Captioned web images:
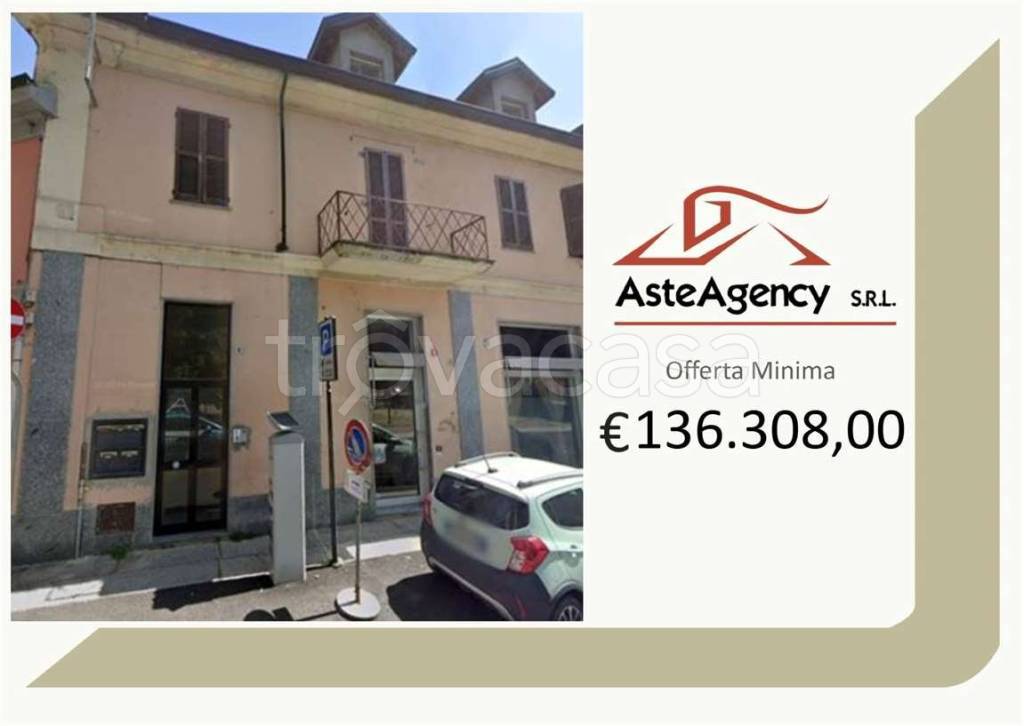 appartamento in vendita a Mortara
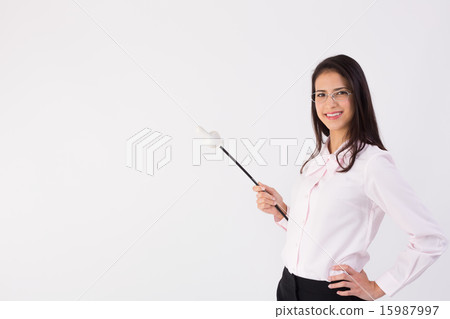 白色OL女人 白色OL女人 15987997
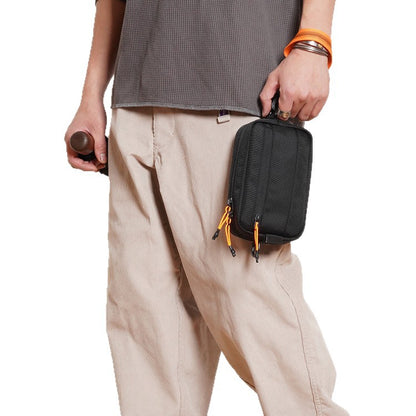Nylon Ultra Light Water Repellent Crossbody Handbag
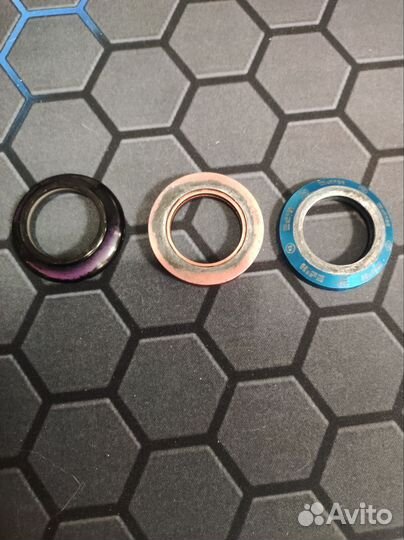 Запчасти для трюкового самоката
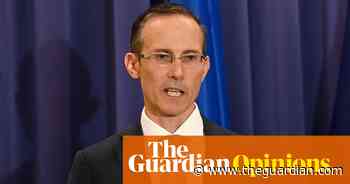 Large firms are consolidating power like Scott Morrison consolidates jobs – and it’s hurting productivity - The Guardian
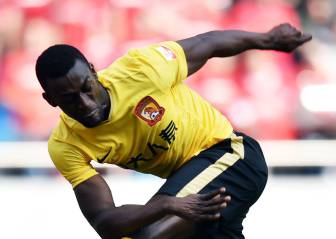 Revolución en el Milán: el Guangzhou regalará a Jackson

• [Instructions to follow] When you reach the line with "白色OL女人 白色OL女人 15987997" in the records above, start writing out each line exactly, and stop after the line with "Large firms are". Pictures stay out.

• [Response area]
 白色OL女人 白色OL女人 15987997
Nylon Ultra Light Water Repellent Crossbody Handbag
 Запчасти для трюкового самоката
 Large firms are consolidating power like Scott Morrison consolidates jobs – and it’s hurting productivity - The Guardian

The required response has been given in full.